Un'altra tattica è cercare di iniziare a introdurre più sfumature nella conversazione. In uno studio condotto su conflitti morali (su argomenti come l'aborto, l'azione affermativa, i cambiamenti climatici e le sanzioni obbligatorie per i pedofili), abbiamo scoperto che quando ai partecipanti venivano fornite informazioni pro e contro su un problema, e poi si impegnava in una discussione con qualcuno che aveva un'opinione opposta alla propria, in genere finiva per rimanere nella loro posizione originale, arrabbiato e stufo. Tuttavia, quando presentavamo un gruppo diverso di partecipanti con le stesse informazioni, ma lo presentavamo in termini di molteplici aspetti e prospettive sulla questione, erano molto più aperti e in grado di apprendere durante la conversazione, sentivano emozioni più contrastanti (sia buone che cattivo), e sono stati in grado di raggiungere una comprensione più sofisticata e condivisa del problema. Questo è un effetto dell'inquadramento delle informazioni in modi meno semplicistici (pro-con) e più sfumati o complessi.

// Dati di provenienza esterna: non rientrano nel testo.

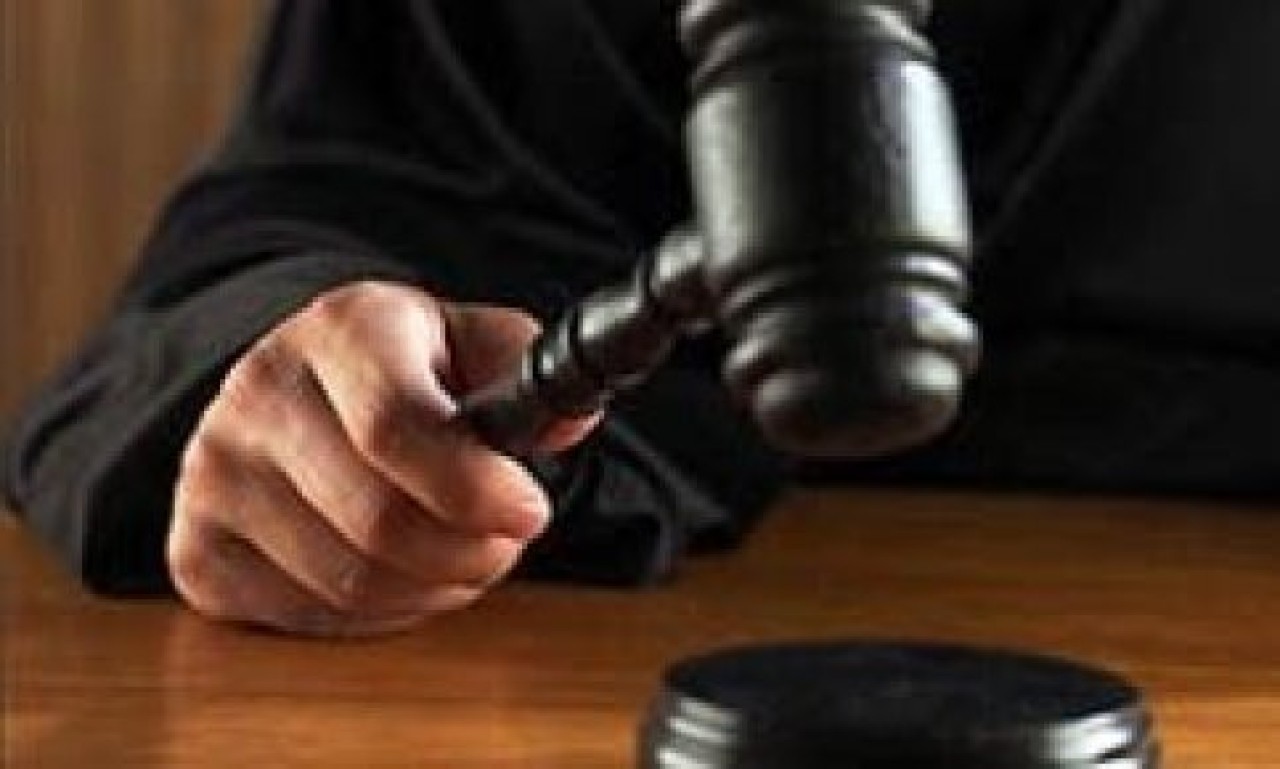 6 general, 1 amiral ve 1 albaya yakalama kararı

E queste strategie dovrebbero essere viste come complementari. L'obiettivo a breve termine dovrebbe essere quello di generare soluzioni, alcune vittorie veloci che mirano a risposte al di sopra della discussione del dibattito, mentre la comunità scientifica inizia un programma a più lungo termine di auto-riflessione e diffusione delle informazioni (e cambiamento di atteggiamento) che inquadra scoperte scientifiche in modo accessibile, equilibrato e sfumato. In effetti, sarebbe di grande aiuto se tali programmi di informazione potessero fare appello e alla fine essere sostenuti da tutti i lati del dibattito (non facile ma non impossibile – vedi http://web.gc.cuny.edu/che/changingminds.html) .

Peter T. Coleman, PhD è in facoltà al Earth Institute della Columbia University, direttore del Centro internazionale per la cooperazione e risoluzione dei conflitti, e autore di The Five Percent: trovare soluzioni a conflitti apparentemente impossibili.